Example: Violin, Applause, Castanets

We now try out the HRPS procedure by using a superposition of the violin, applause, and castanet recordings from above. The mixture signal sounds like this:

The next figure shows the binary masks $\mathcal{M}^\mathrm{h}$, $\mathcal{M}^\mathrm{r}$, and $\mathcal{M}^\mathrm{p}$. It is very instructive to listen to the reconstructed signals $x^\mathrm{h}$, $x^\mathrm{r}$, and $x^\mathrm{p}$. The harmonic signal $x^\mathrm{h}$ mostly corresponds to the violin, while the residual signal $x^\mathrm{r}$ captures most of the applause. While the percussive signal $x^\mathrm{p}$ contains the castanets, the signal is quite distorted and still contains many applause components. Another reason of the signal distortions is also due to phase artifacts that are introduced by the signal reconstruction step. These artifacts become audible particularly for the percussive component.

In [2]:
Fs = 22050
fn_wav = os.path.join('..', 'data', 'C8', 'FMP_C8_F02_Long_CastanetsViolinApplause.wav')
x, Fs = librosa.load(fn_wav, sr=Fs)
N = 1024
H = 512
L_h_sec = 0.2
L_p_Hz = 500
beta = 2
x_h, x_p, x_r, D = hrps(x, Fs=Fs, N=N, H=H, 
                        L_h=L_h_sec, L_p=L_p_Hz, beta=beta, detail=True)

ylim = [0, 3000]
plt.figure(figsize=(10,3))
ax = plt.subplot(1,3,1)
libfmp.b.plot_matrix(D['M_h'], Fs=Fs/H, Fs_F=N/Fs, ax=[ax], clim=[0,1],
                     title='Horizontal binary mask')
ax.set_ylim(ylim)

ax = plt.subplot(1,3,2)
libfmp.b.plot_matrix(D['M_r'], Fs=Fs/H, Fs_F=N/Fs, ax=[ax], clim=[0,1],
                     title='Residual binary mask')
ax.set_ylim(ylim)

ax = plt.subplot(1,3,3)
libfmp.b.plot_matrix(D['M_p'], Fs=Fs/H, Fs_F=N/Fs, ax=[ax], clim=[0,1],
                     title='Vertical binary mask')
ax.set_ylim(ylim)

plt.tight_layout()
plt.show()

html_x_h = libfmp.c8.generate_audio_tag_html_list([x_h], Fs=Fs, width='220')
html_x_r = libfmp.c8.generate_audio_tag_html_list([x_r], Fs=Fs, width='220')
html_x_p = libfmp.c8.generate_audio_tag_html_list([x_p], Fs=Fs, width='220')

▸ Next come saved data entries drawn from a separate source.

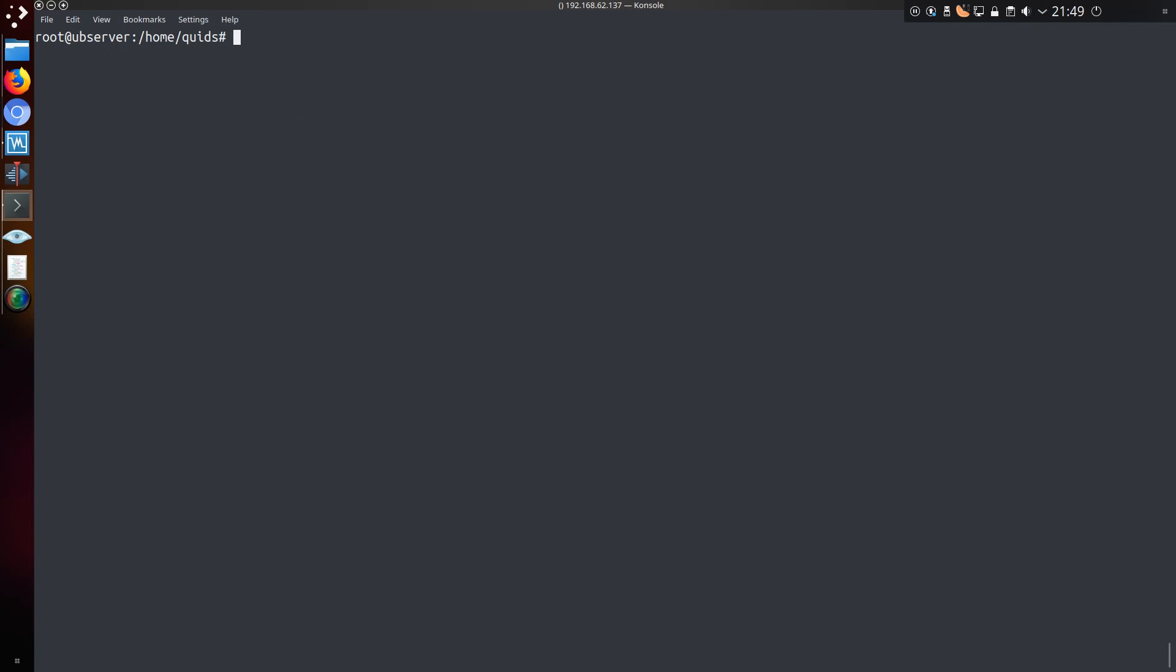Since the default is to deny incoming connections we need to allow access to certain services by exception or by each rule. There are several ways of doing this. You can allow access by the service name, so ufw allow HTTP, and that adds the rule for both IPv4 and IPv6.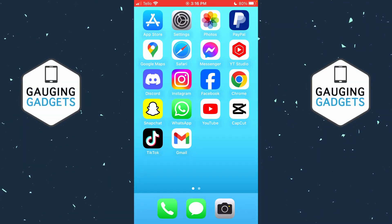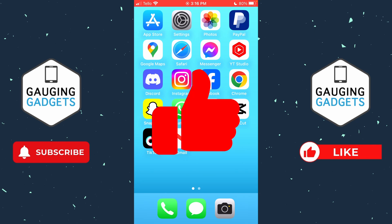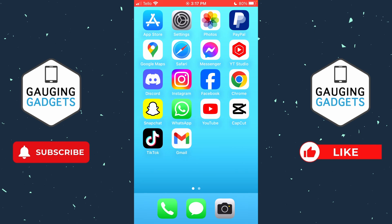How to silence text message notifications from one person on iPhone. In this video I'm going to show you how to block notifications for one person on your iPhone. If this video helps you, please consider giving it a like and subscribing to my channel. There are two ways to silence text message notifications for one person on your iPhone.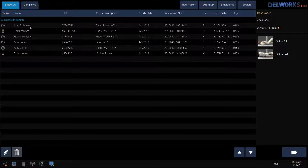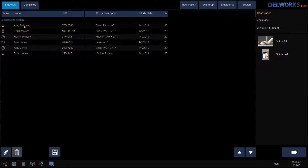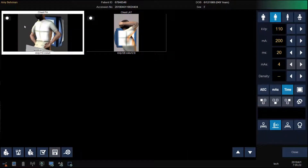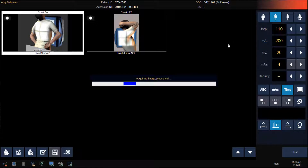Double-click on your patient's name. Select the view that you want to start with first. Verify the workstation and adjust technique based on patient size. Position your patient and make your exposure.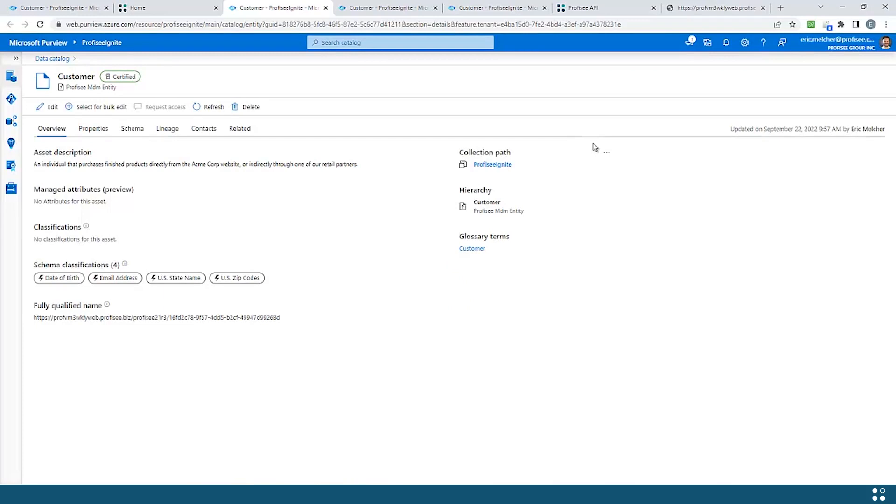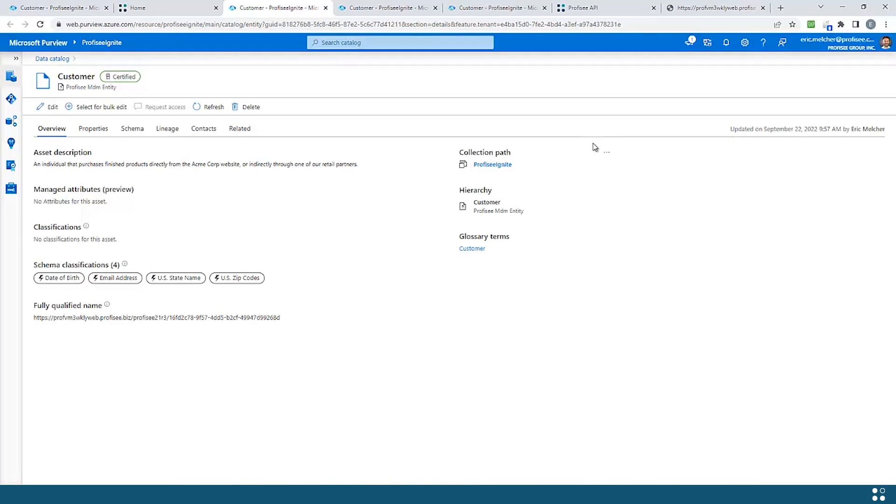This integration between Profisee and Purview is fully automated. All you have to do is connect Profisee to your chosen Purview account. We'll take everything from there, publishing all Profisee assets, whether they be entities or attributes or relationships and hierarchies, from Profisee into Purview. Then Profisee also automatically consumes the output of governance from Purview and makes it available to users back within Profisee.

pd.options.display.float_format = '{:,.1f}'.format    
pd.set_option('display.max_colwidth', None)    
df = pd.DataFrame(OrderedDict([     
    ('$x_h$', html_x_h),                                   
    ('$x_r$', html_x_r),
    ('$x_p$', html_x_p)]))
ipd.display(ipd.HTML(df.to_html(escape=False, header=False, index=False)))